今回訪ねたのは、週末や連休ともなれば全国から訪れる人の多い燕市の「杭州飯店」です。午前11時開店ですが、開店前からすでに十数人の人たちが店の前に並んでいました。
私がこのお店を知ったン十年前はこんな状況はなかったので、噂には聞いていたもののいささかビックリ。

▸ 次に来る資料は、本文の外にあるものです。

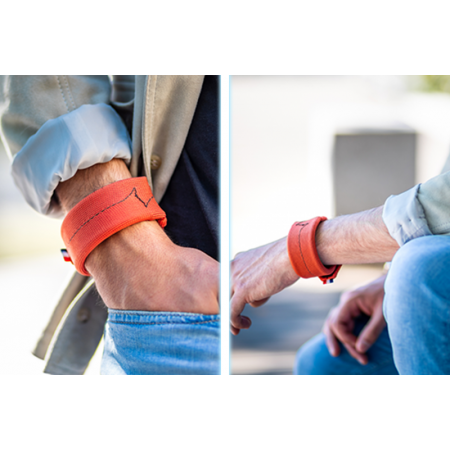 poids poignets orange, renforcement fonctionnel haut du corps, bracelet anti tremblement, accessoire de musculation maison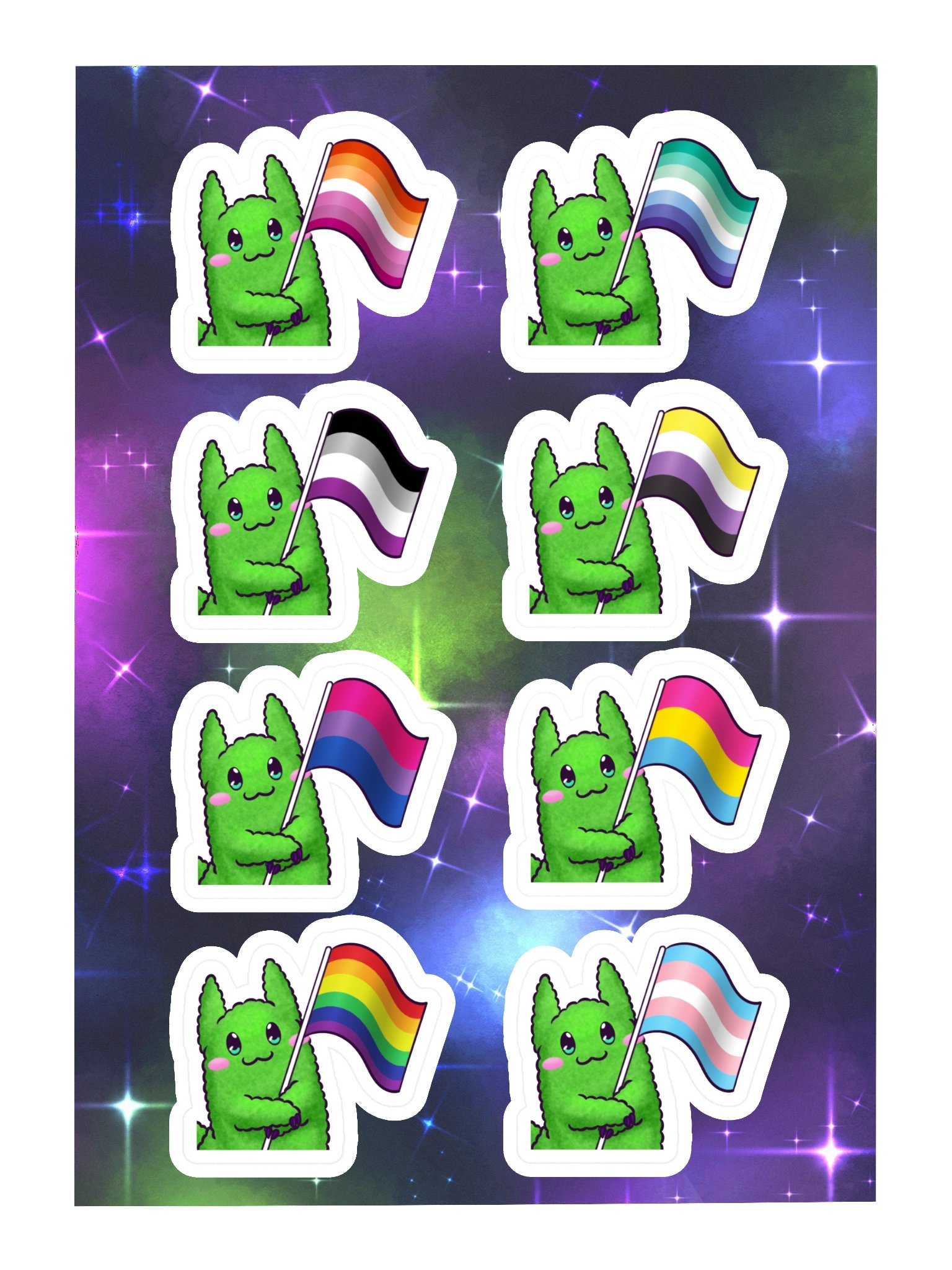 Hneu Pride - Stickersheet product image (3)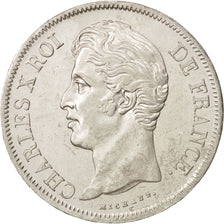 France, Charles X, 5 Francs, 1829, Rouen, AU(50-53), Silver, KM:728.2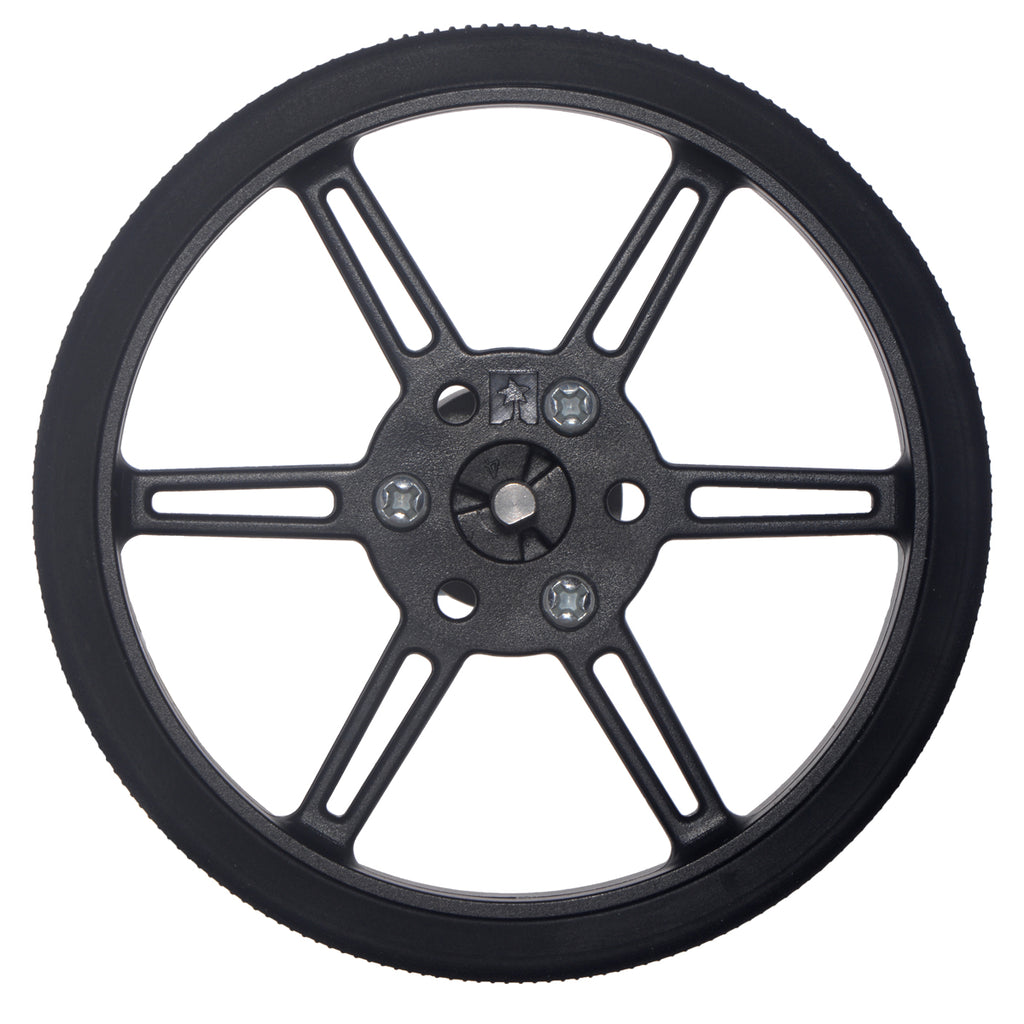 Pololu Multi-Hub Wheel w/Inserts for 3mm and 4mm Shafts - 80x10mm, Bla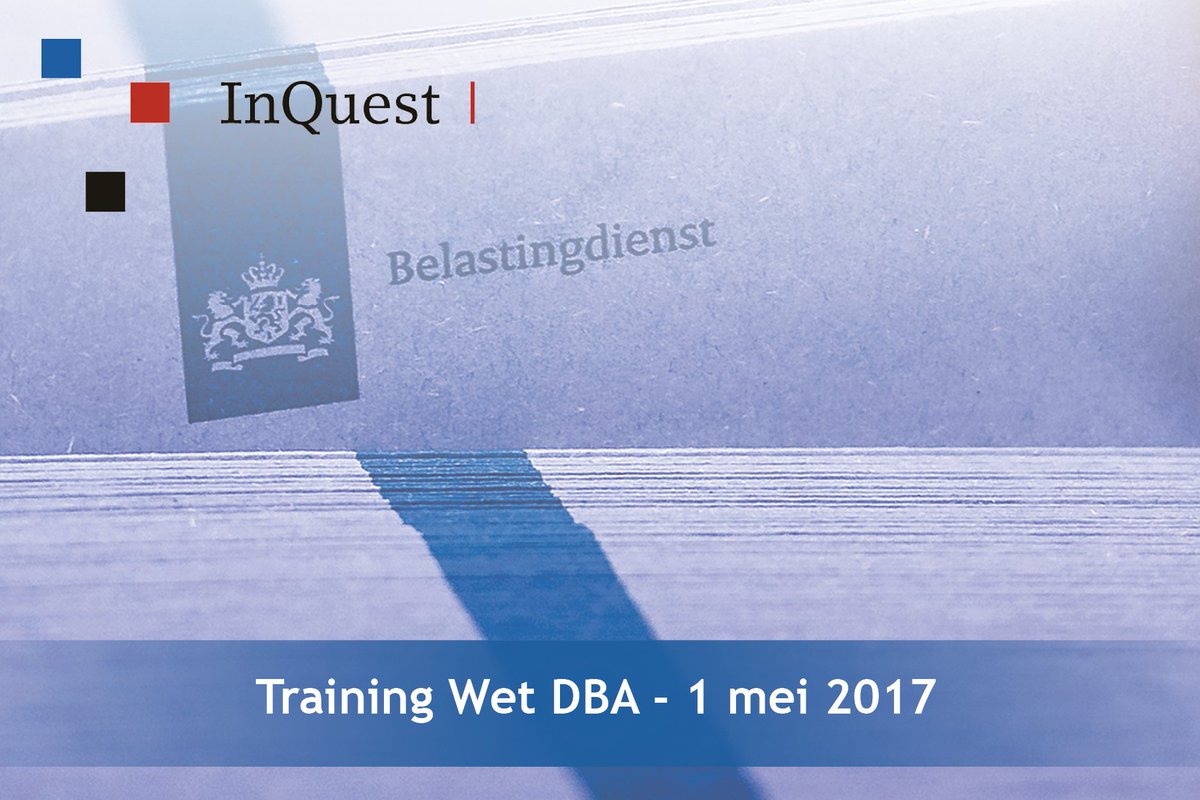 InQuest_NL's tweet image. Weet jij al welke gevolgen de Wet DBA heeft voor jou? Op 1 mei a.s. leggen wij het uit tijdens onze gratis workshop: mf.tt/t9LHy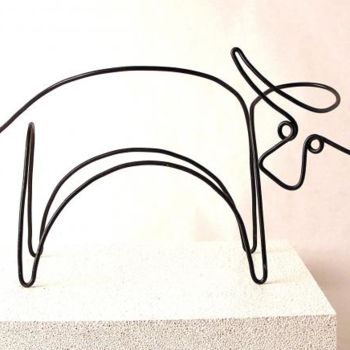 Sculpture titled "toro" by Pierre Dravet, Original Artwork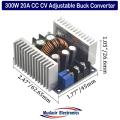 DC-DC Buck Converter Step Down Module 300W 20A Constant Curent LED Driver Power Step Down Voltage Module Electrolytic Capacitor. 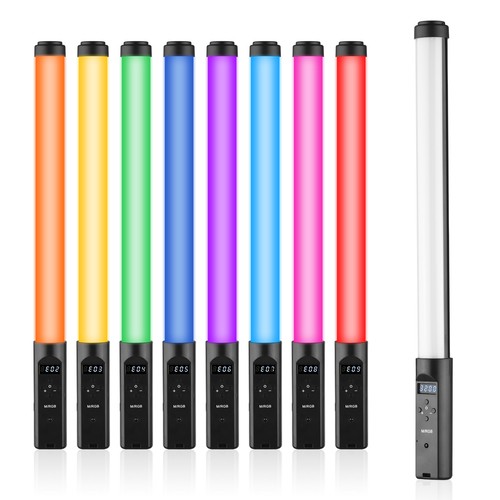 Handliche rgb led videoleuchte - rgb,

いよいよ開店!ドドっと皆さん入店するのかと思いきや、2人の店員さんが人数を聞きながら「こちらのお席へ」「次の方はこちらへお願いします」と誘導。きっと店員さんの頭の中では、「テトリス」のように最も適切な形ではめ込んでいく図式があってそれにはまるようにさばいていっているでしょうね。その作業は大繁盛店ならではの華麗さと見事さです。そのお二人の客さばきのもあって、次から次へと席は埋まって、あっという間に広い店内は満席に。そして中華そば大盛り(1,000円)を注文!「もう若くないのに」の心の声は無視。そしてお客さんの注文もさまざまです。「中華そば」「大盛りひとつとギョウザ」「脂多めの中華普通ひとつに大盛りひとつ」「カレーライスと中華そば脂少な目」などなど…。その注文を店員さんはメモも取らずに厨房へ伝えます。す、すごすぎる。
丼の表面を覆う背脂に初めての方はびっくりさせられる事でしょう。よく見ると中央にはタマネギのみじん切り。さて箸を入れます…、うどんときし麺の中間のような超極太麺!いかがですか!この迫力!
私、20歳の時に初めてこの燕背脂系に出会ったのですが、その時「なんだこれ!?うどんか?浮いてる脂(背脂)は何??」とびっくりしたものです。
そんなことを思い出しつつ、まずスープを一口。動物系の中にも煮干し感がしっかりと感じられ、やわらかな醬油味。旨い!麺はというと見た通りのモチモチ感であります。若干縮れているので背脂とスープが絡んできてさらに旨い。それに見た目ほど脂っこくはなく意外にあっさりしています。
なぜこんなにユニークなラーメンが生まれたのでしょう?そのヒントはお昼時になると「○○製作所」「△△工業」などの作業着を着たお客さんが多くなることにあります。
杭州飯店のある燕市は全国屈指の金属加工の街です。特に洋食器は有名でノーベル賞受賞者の晩さん会の食器はここ、燕市で作られたものです。この背脂極太麺が誕生したのは昭和30年代のことです。当時燕の金属工場は活況にわいており、職人さんたちは大忙で、昼食や夜食は出前のラーメン中心。仕事の合間に食べるものですから、普通のラーメンだと麺は伸び、スープは冷めてしまいます。そんなラーメンは食べられたものではありません。「忙しい職人さんたちがいつでもおいしいラーメンを食べられる方法はないものか」と考えたのが杭州飯店創業者の徐勝二さんでした。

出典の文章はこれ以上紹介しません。